(INPUT DATA Opens)

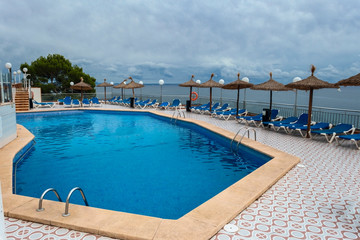 Fototapeta na wymiar pool with crystal clear water in a recreation area on the Mediterranean coast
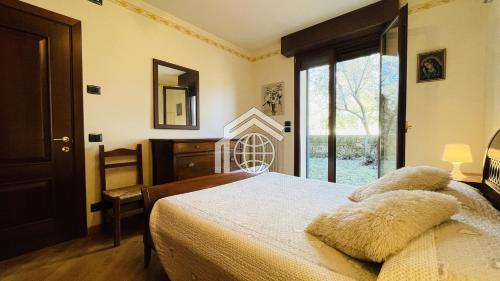 ein Schlafzimmer mit einem Bett und einem großen Fenster in der Unterkunft Villa Felice in San Felice del Benaco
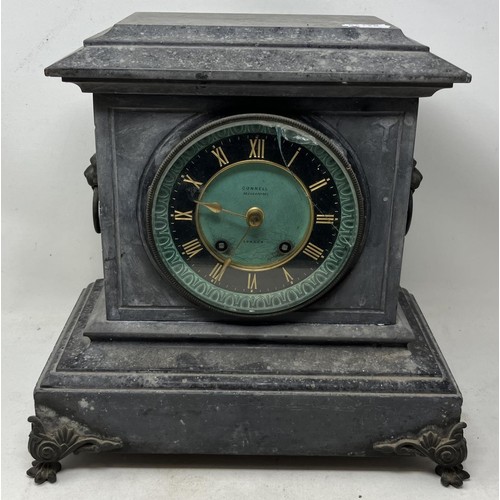 1828 - A mantel clock, in a polished slate case, 35 cm wide, and three others (4)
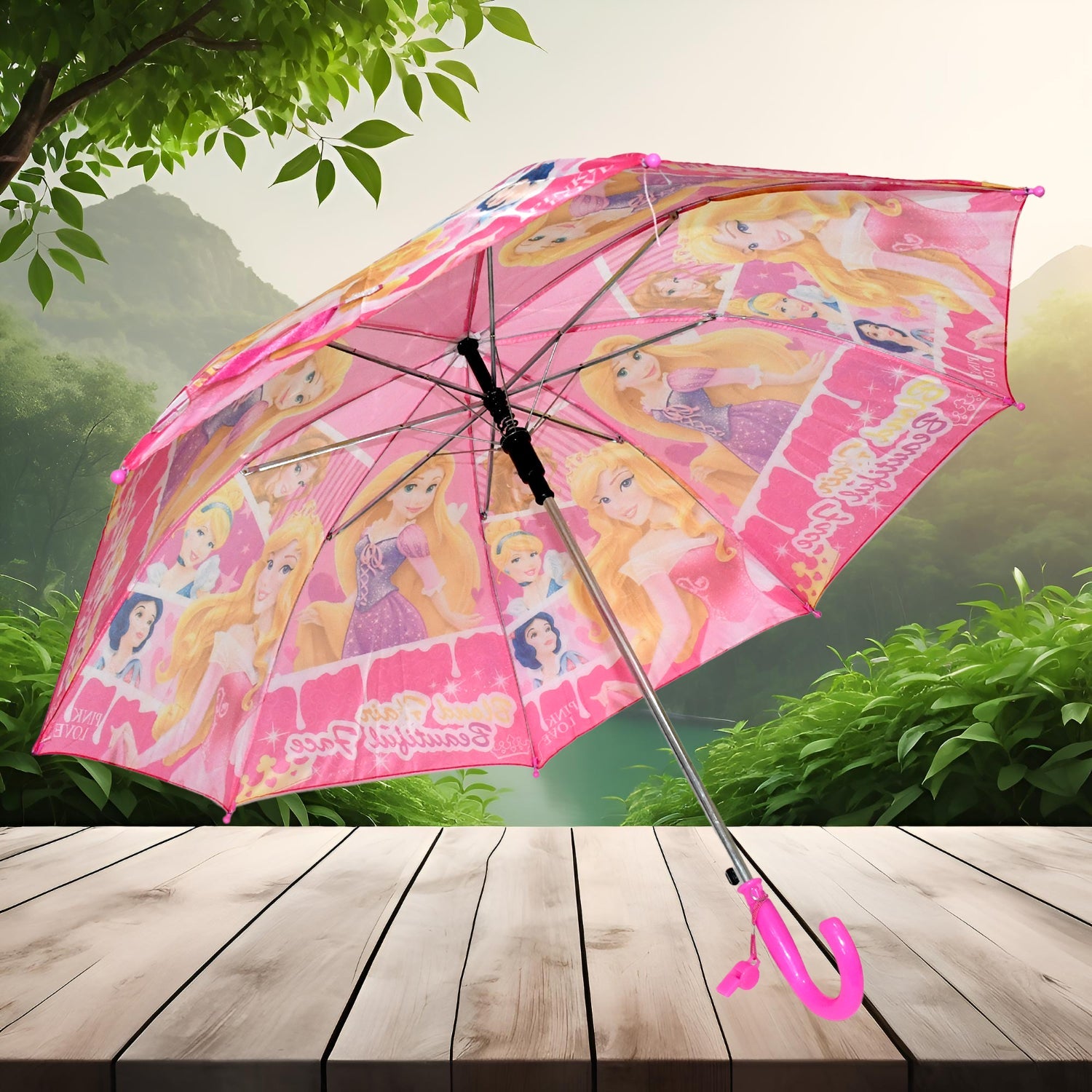 A pink umbrella with princess characters is open on a wooden surface, with a lush green forest and mountains in the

(INPUT DATA Closes)

**INSTRUCTIONS TO FOLLOW**
Beginning with the line above that has "ein Schlafzimmer mit" and going on through the line that has "1828 - A mantel", retype every line exactly and add nothing else; drop the pictures.

**REPLY TO THE TASK**
 ein Schlafzimmer mit einem Bett und einem großen Fenster in der Unterkunft Villa Felice in San Felice del Benaco
 1828 - A mantel clock, in a polished slate case, 35 cm wide, and three others (4)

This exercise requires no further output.